CAMORRA & APPALTI. Vinceva le gare in cambio del 10% al clan dei Casalesi, sequestro milionario per noto costruttore

27 Ottobre 2023 - 09:50

Bloccato il patrimonio dell’imprenditore e della sua famiglia.

CASAL DI PRINCIPE. Il Nucleo di Polizia Economico-Finanziaria della Guardia di Finanza di Napoli sta dando esecuzione in queste ore a un provvedimento di sequestro emesso dalla Sezione per l’applicazione delle Misure di Prevenzione del Tribunale di Santa Maria Capua Vetere, su richiesta della Procura della Repubblica di Napoli – Direzione Distrettuale Antimafia, nei confronti di un imprenditore originario di Casal di Principe, titolare di aziende edili e immobiliari.
Alla base del provvedimento vi sono plurimi elementi di fatto idonei a fondare un giudizio di pericolosità sociale
qualificata dell’imprenditore casertano e a far ritenere che il suo patrimonio (e quello del suo nucleo familiare) si
sia formato e sia stato incrementato negli anni grazie ad attività illecite.

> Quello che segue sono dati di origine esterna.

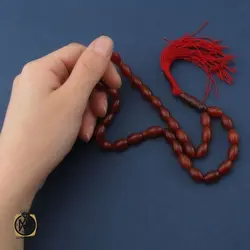 تسبیح 33 دانه هلی عقیق قرمز - کد 4240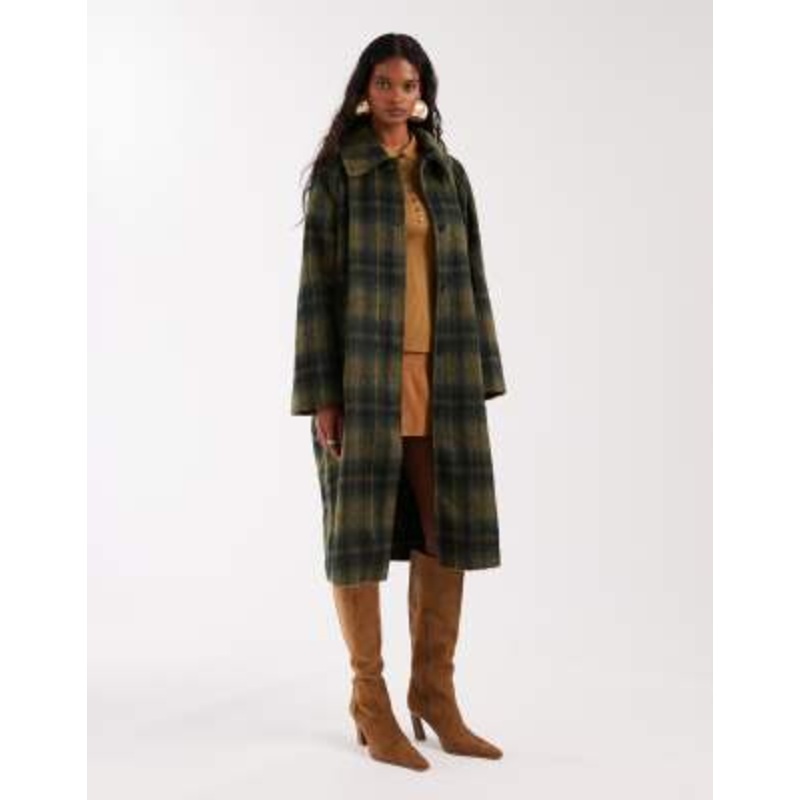 Noisy May brushed wool look maxi overcoat in dark green plaid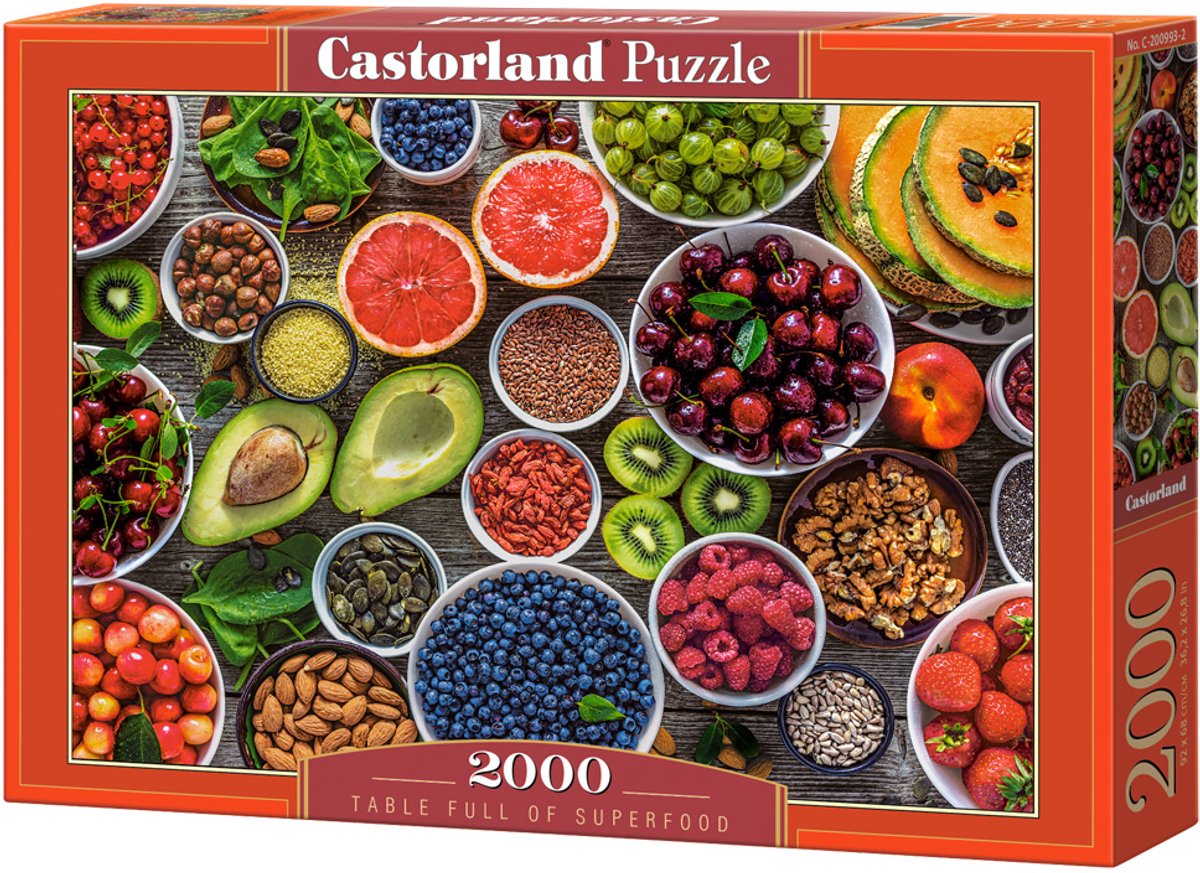 Table Castorland pleine de superaliments – puzzle – 2000 pièces – finition satinée – ajustement parfait – qualité européenne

Rinviato a giudizio per concorso esterno in associazione per delinquere di stampo mafioso e condannato in primo
grado per reati di corruzione e di turbativa d’asta a seguito di indagini condotte anche dall’Arma dei Carabinieri,
il soggetto è ritenuto appartenere, sin dal 2000, a un ristretto gruppo di imprenditori di fiducia delle fazioni
Schiavone e Russo del clan dei Casalesi.
In tal senso, depongono, tra l’altro, le dichiarazioni di numerosi collaboratori di giustizia che descrivono il
destinatario dell’odierno sequestro come imprenditore che, attraverso l’alterazione sistematica delle gare
d’appalto

realizzata mediante il ricorso a condotte corruttive o alla forza di intimidazione del clan, partecipava
stabilmente a un sistema volto ad assicurare ai Casalesi l’aggiudicazione dei lavori pubblici, consentendo in tal
modo uno stabile introito alle casse dell’organizzazione criminale.

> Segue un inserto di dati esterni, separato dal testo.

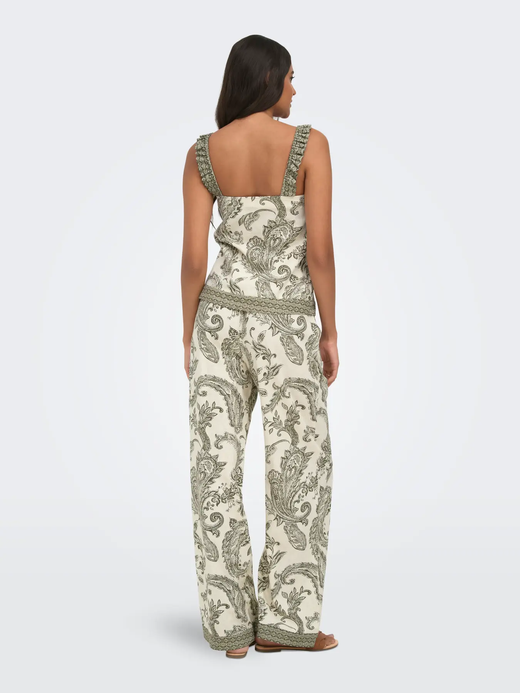 Pantalón con estampado cachemir monocolor Only Ivy Green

I capi del clan consentivano che l’imprenditore risultasse vincitore delle gare ad evidenza pubblica non facendo
partecipare i propri impresari di fiducia alle procedure di aggiudicazione oppure facendoli partecipare al solo
scopo di simulare la regolarità della gara. Lo stesso versava poi al clan una somma pari al 10% dell’importo dei
lavori che si procurava grazie a false fatturazioni.

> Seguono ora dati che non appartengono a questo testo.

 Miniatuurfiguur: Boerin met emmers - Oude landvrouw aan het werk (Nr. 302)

Gli approfondimenti di natura economico-patrimoniale nei riguardi dell’imprenditore – avvenuti anche attraverso
una procedura di controllo giudiziario, poi trasformata in amministrazione giudiziaria, della durata complessiva
di tre anni e mezzo – hanno evidenziato una condizione reddituale e finanziaria incompatibile con il patrimonio
accumulato nel tempo, ragionevolmente riferibile, a prescindere dal dato della sproporzione, al frutto del
rapporto malavitoso instaurato con i Casalesi.